Sfruttando appieno le possibilità date dal formato seriale, Flanagan dilata i tempi, lascia che ci immergiamo nella quotidianità dei personaggi, che ci abituiamo a loro e all’isola. La cosa gli riesce piuttosto bene fino a quando non si concede qualche caduta nel melenso, scrivendo monologhi stucchevoli per spiegare a parole il messaggio che vorrebbe far passare con la sua storia, ma questa è una fissa squisitamente americana, specie negli ultimi anni: pazienza. La gestione dei tempi rimane giustissima, soprattutto perché serve a rendere del tutto imprevedibili i colpi sferrati dall’orrore.

E se sulla gestione dell’emotività dei personaggi gli si potrebbero muovere mille appunti, su quella dell’horror c’è poco da dire: è roba da veri fuoriclasse. La mitologia messa in piedi da Flanagan per spaventare, infatti, non è mai didascalica; non ci è dato sapere quali siano le origini del sovrannaturale che domina lo schermo da un certo punto della serie in poi, e questo lo rende ancora più insostenibile e spaventoso. Anche i trucchi per farci sobbalzare sono sottili, e puntualmente efficacissimi: in particolare ci sono un paio di momenti eccezionali, semplicemente impossibili da prevedere, e che fanno gelare il sangue sia come idea che come esecuzione. Quando poi fa montare il pathos – o quando vuole inquietare profondamente – non fa mezza mossa di troppo, è semplicemente perfetto.
Al momento non riesco a pensare a un autore americano contemporaneo che riesca a fondere meglio l’eleganza della messa in scena – perché Midnight Mass visivamente è bello davvero – all’efficacia dei momenti di terrore: una confezione curata, avvolgente ma mai fighetta come impongono i nostri tempi a un prodotto horror che voglia distinguersi, e una bravura non comune nell’inquietare.

Nel mainstream si cercano infatti o il prodotto horror senz’arte né parte (Annabelle et simili) o quello ostentatamente artsy (A24), quindi ben venga chi ama la bellezza delle immagini senza sentire il bisogno di ammiccare. Giusto in una scena troviamo inquadrature “alla Mr. Robot”, così fuori luogo (e mai più ripetute più avanti) che si stenta a credere che fossero volute da Flanagan.
Il cast è formato da volti e nomi prevalentemente “televisivi” (cioè non ho mai visto nessuno di loro altrove); tutti attori bravissimi, in parte e con volti che si ricordano. A spiccare è senza dubbio Samantha Sloyan nel ruolo della villain, all’occorrenza fastidiosa e inquietantissima, specie quando snocciola la sua conoscenza della Bibbia: una performance e un personaggio degni di rivaleggiare con quello di Marcia Gay Harden in The Mist.

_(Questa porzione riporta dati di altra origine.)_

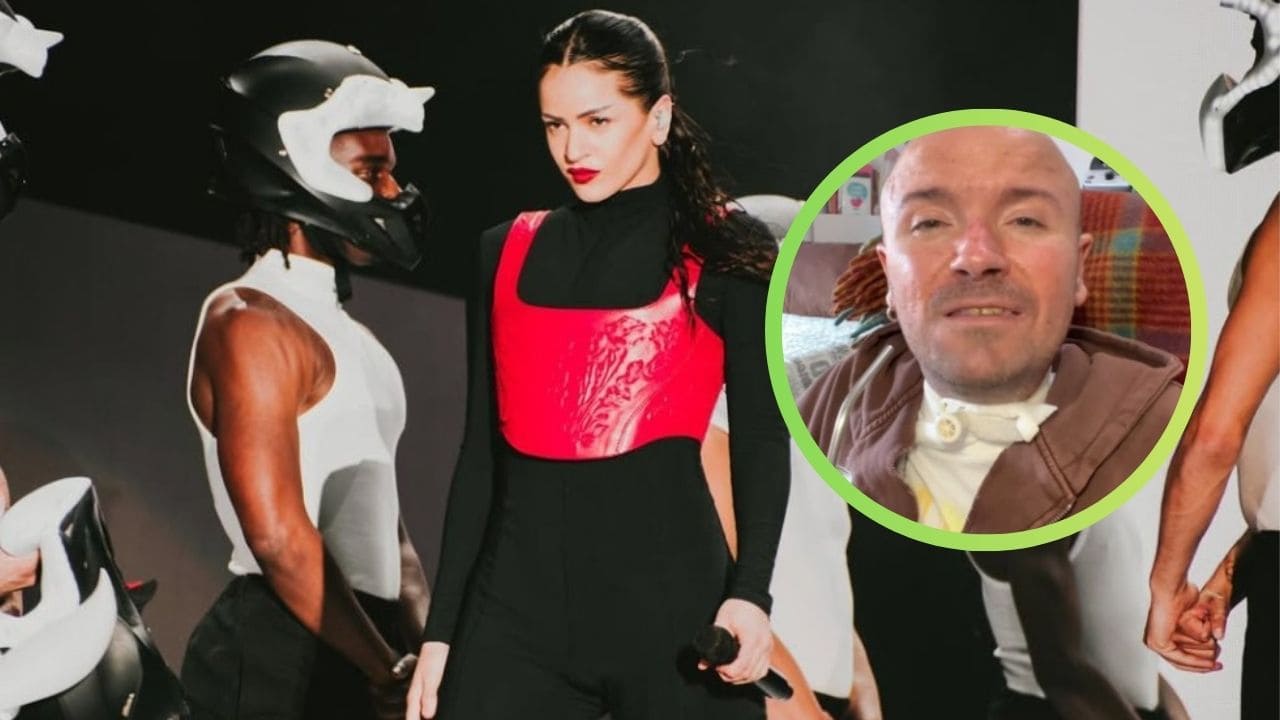 Un joven denuncia a 'Ticketmasters' por el trato para comprar las entradas de movilidad reducida para el concierto de Rosalía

Bravissima anche quella che potremmo definire la “protagonista” di questa serie corale, Kate Siegel, a cui vengono purtroppo affidati i due lunghi, estenuanti e patetici monologhi sulla morte; il neo più grosso di una serie che altrimenti ha tutto quello che un amante dell’horror possa desiderare.

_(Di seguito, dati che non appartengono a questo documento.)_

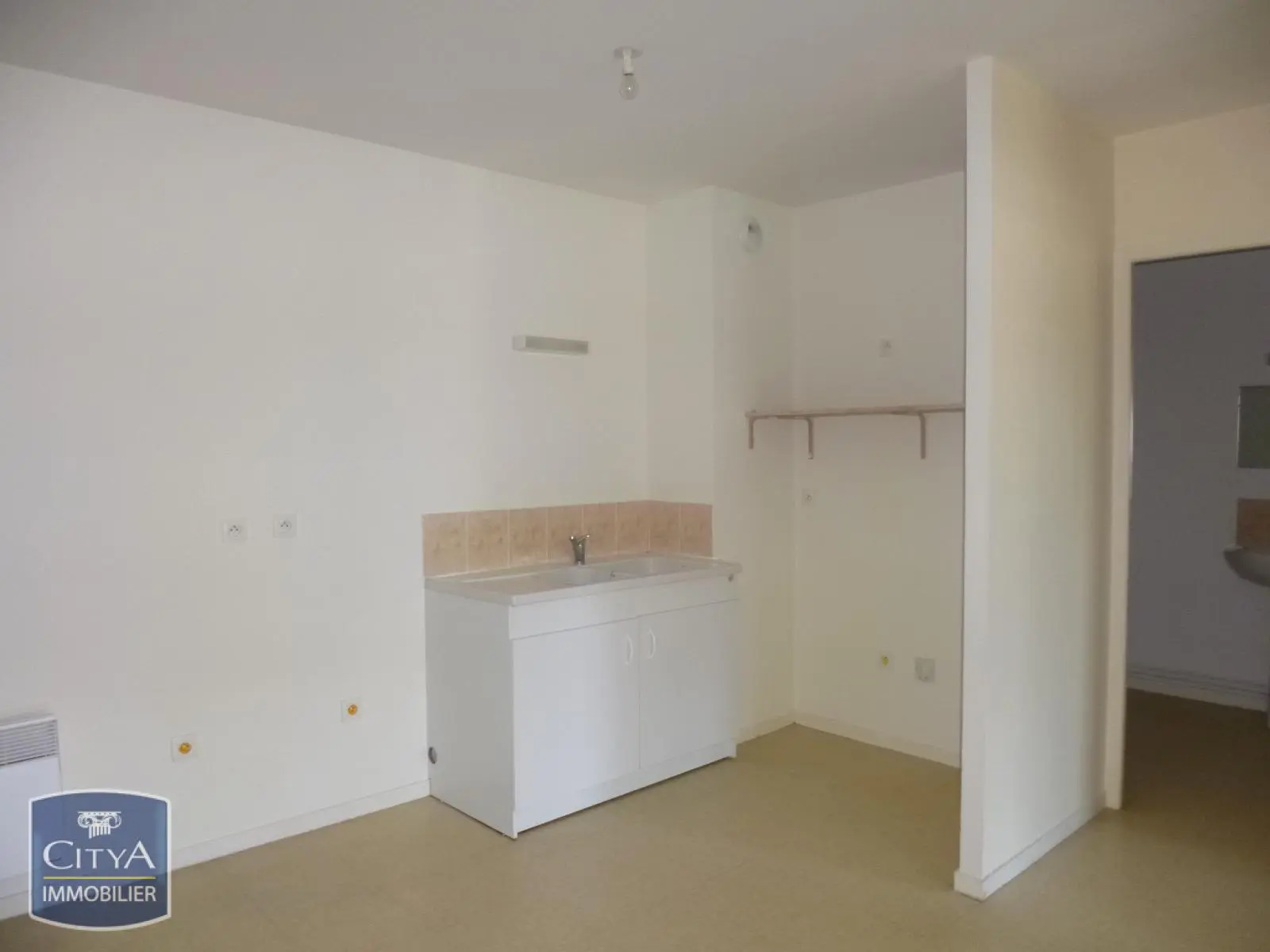 Photo 2 Appartement 2 pièces 39.5m²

Il finale ci lascia anche con emozioni contrastanti: qualcosa è fuori posto, qualcosa è troppo repentino e qualcosa è troppo zuccheroso, eppure è tutto diretto così bene che non riesce a risultare disprezzabile. E poi non ci sono dubbi sul prodotto nel suo complesso, con le sue sette fiammanti ore: straordinario.